Dove si estrae il gas in Italia

In Italia i giacimenti di gas veramente operativi sono circa 500 sul totale di circa 1300 censiti, che producono quasi 4.500 miliardi di metri cubi di gas. Le coste dell’Adriatico centro-settentrionale fanno la parte del leone producendone oltre la metà, il resto viene dai giacimenti della terraferma, soprattutto della Basilicata che da sola garantisce i tre quarti di gas estratto a terra. Le stime del nuovo Ministero dell’ambiente e sicurezza energetica parlano di un potenziale di poco meno di 40 miliardi di metri cubi di gas da estrarre, di cui meno della metà (il 46%) dalle profondità marine.
Nelle attività di ricerca ed estrazione di gas sono state inserite anche quella al largo della foce del Goro sul delta del Po (storicamente esclusa per rischi di subsidenza e per la fragilità del sistema complessivo della foce del fiume) e la costa al largo di Agrigento, con la possibilità per ENI di riproporre la richiesta di concessione per i due pozzi siciliani Panda e Panda W1. In entrambi i casi i concessionari devono dimostrare non solo l’assenza di effetti di subsidenza significativi, ma anche la presenza di “elevato potenziale minerario”, traducibile in una capacità complessiva del giacimento superiore a 500 milioni di metri cubi.
Il ministro dell’Ambiente Gilberto Pichetto Fratin ha detto che “potenzialmente si stima una quantità di 15 miliardi di metri cubi sfruttabili nell’arco di 10 anni”; la Premier Giorgia Meloni a sua volta ha dichiarato “Chiederemo ai concessionari di mettere a disposizione, in cambio, da gennaio gas tra 1 miliardo e 2 miliardi di metri cubi da destinare ad aziende energivore a prezzi calmierati.
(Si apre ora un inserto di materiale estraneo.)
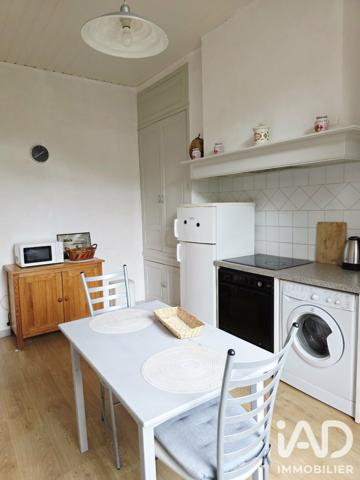 Location appartement 2 pièces 45,77 m² Mazamet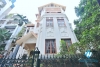 Large size house for rent in Tay Ho, Hanoi 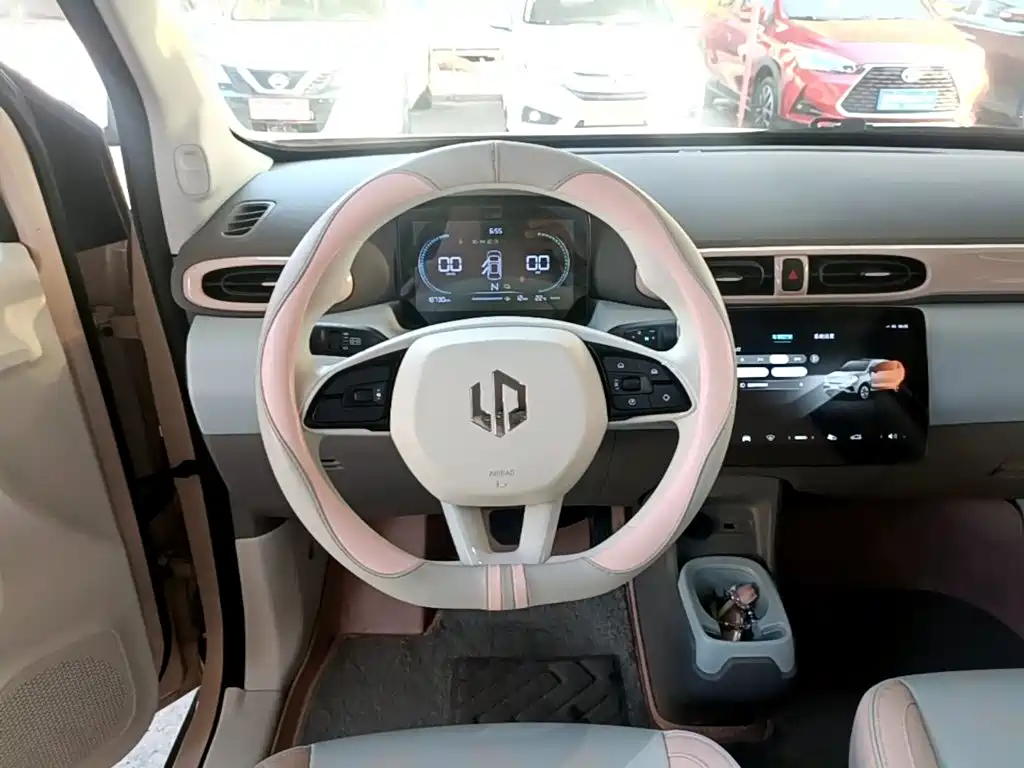 Leapmotor Leapmotor T03 — миниатюра 11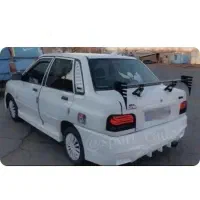 پراید 131 مدل 91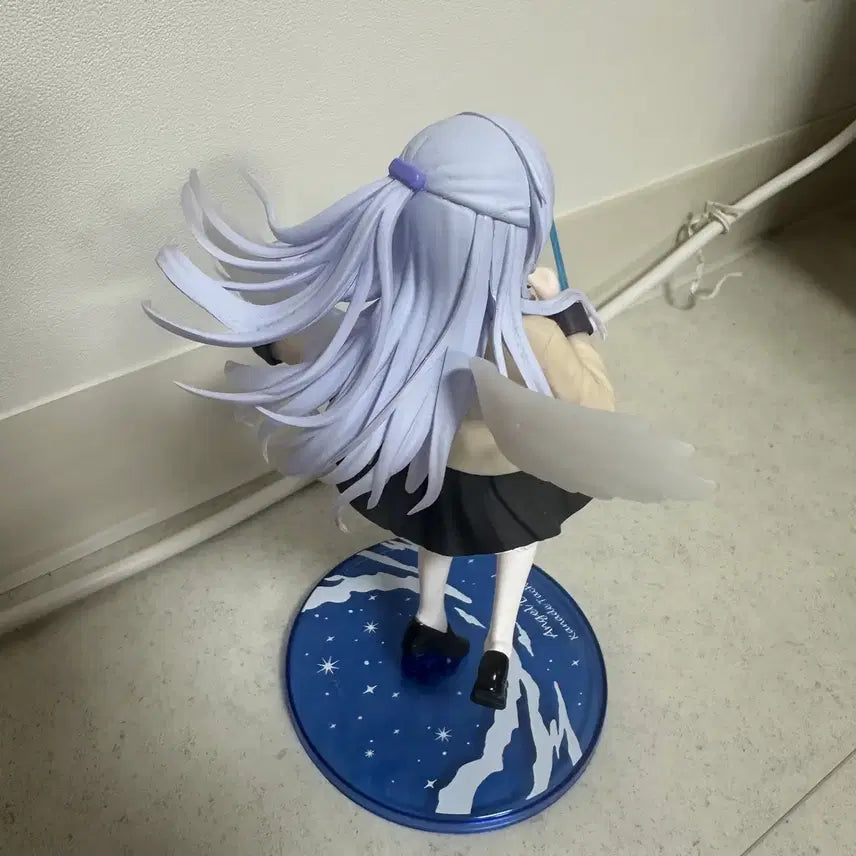 [BUNJANG] Angel Beats! Tachibana Kanade Handsonic Figure / 엔젤비트 타치바나 카나데 핸드소닉 피규어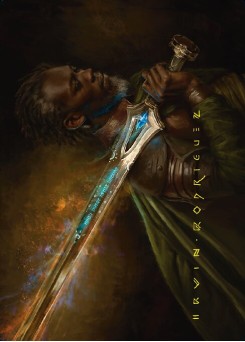 Andúril, Flame of the West // Andúril, Flame of the West
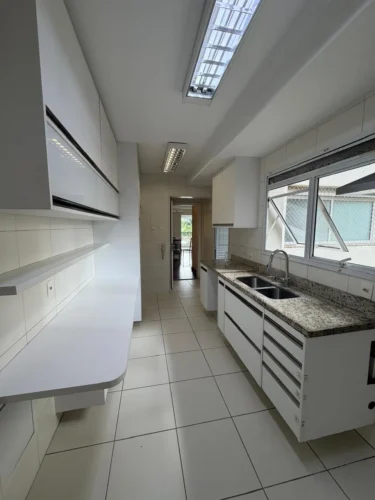Apartamento com 170 m² e 3 suítes à venda e aluguel em Água Branca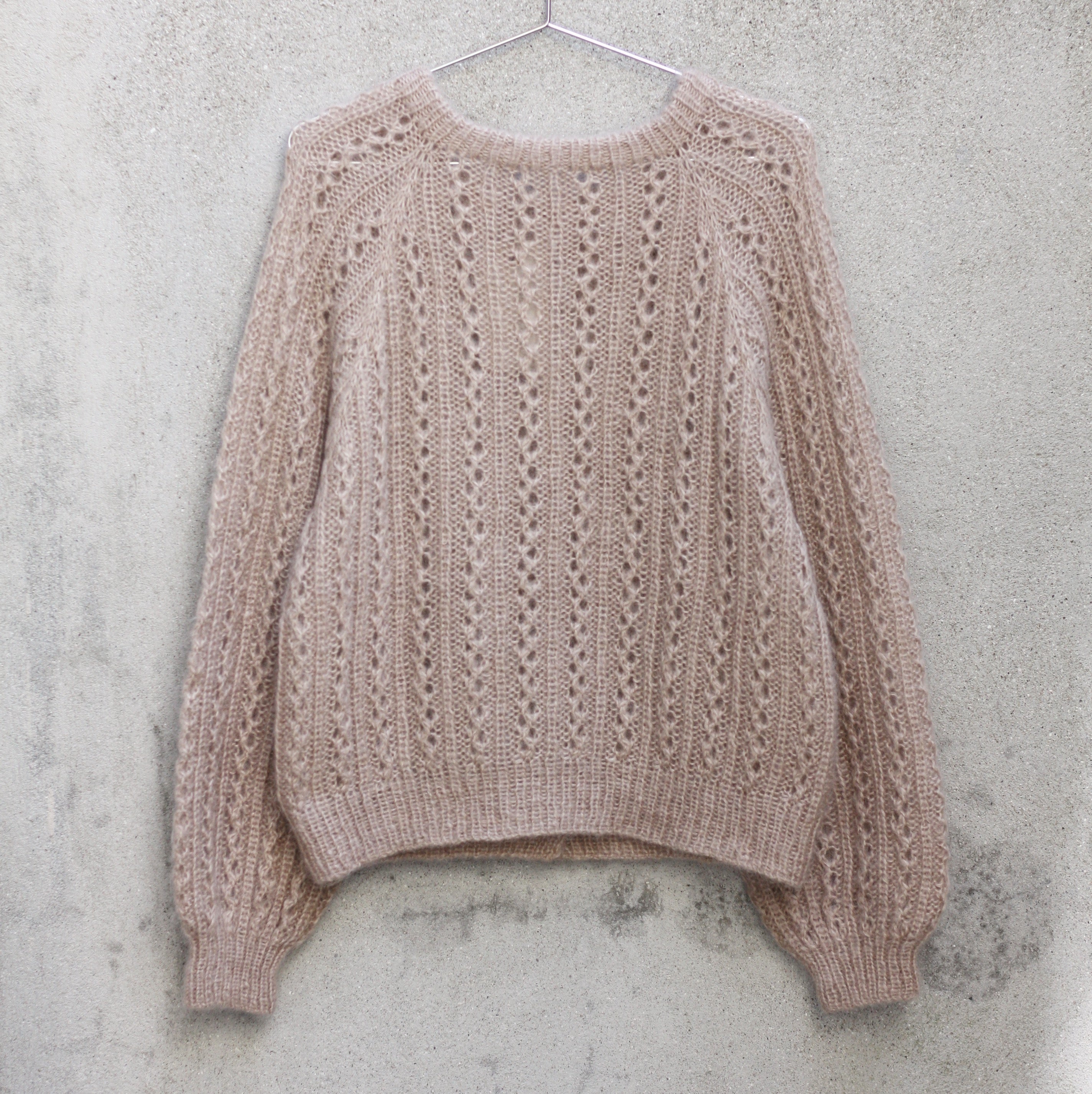 Waffle Cardigan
Basteranno?
Gli ambientalisti: Minimo l’impatto sulla indipendenza energetica. Servono più rinnovabili
“Sommando riserve certe e probabili, avremmo poco più di un anno di consumi di gas. Con impatti minimi su indipendenza e costo dell’energia. Servono invece più rinnovabili, efficienza e risparmio energetico”. Così Greenpeace Italia su Twitter appena annunciato il provvedimento dal governo Meloni. Infatti, come scrivono Greenpeace Italia, Legambiente e WWF in una nota congiunta, “le motivazioni alla base della decretazione d’urgenza relative alla sicurezza degli approvvigionamenti sono inconsistenti dato che il nostro fabbisogno annuale di gas si aggira attorno ai 76 miliardi di metri cubi e che la produzione annuale di gas nazionale pesa attorno ai 3-5 miliardi di metri cubi l’anno e, secondo le stime del governo, l’incremento atteso con l’emendamento sblocca trivelle è di 15 miliardi di metri cubi in 10 anni, cioè 1,5 miliardi di metri cubi l’anno, che sarebbero equivalenti solo all’1,9% del fabbisogno nazionale”. Un intervento che contribuirebbe a sganciarci dalla dipendenza dal gas russo, ma in minima parte.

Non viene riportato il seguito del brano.